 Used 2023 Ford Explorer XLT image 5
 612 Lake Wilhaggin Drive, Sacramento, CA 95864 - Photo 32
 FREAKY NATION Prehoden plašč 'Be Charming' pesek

⁂

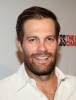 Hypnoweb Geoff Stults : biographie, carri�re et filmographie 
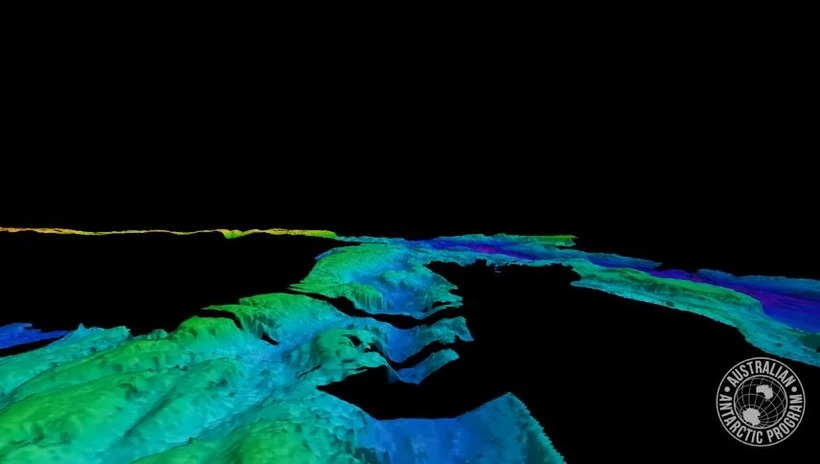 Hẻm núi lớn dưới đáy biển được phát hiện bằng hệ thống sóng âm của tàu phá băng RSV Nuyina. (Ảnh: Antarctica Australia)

⁂

• **What this task involves**
Take the stretch of lines above from the one containing "612 Lake Wilhaggin" through the one containing "FREAKY NATION Prehoden" and repeat it exactly, adding no other line.

• **Reply**
 612 Lake Wilhaggin Drive, Sacramento, CA 95864 - Photo 32
 FREAKY NATION Prehoden plašč 'Be Charming' pesek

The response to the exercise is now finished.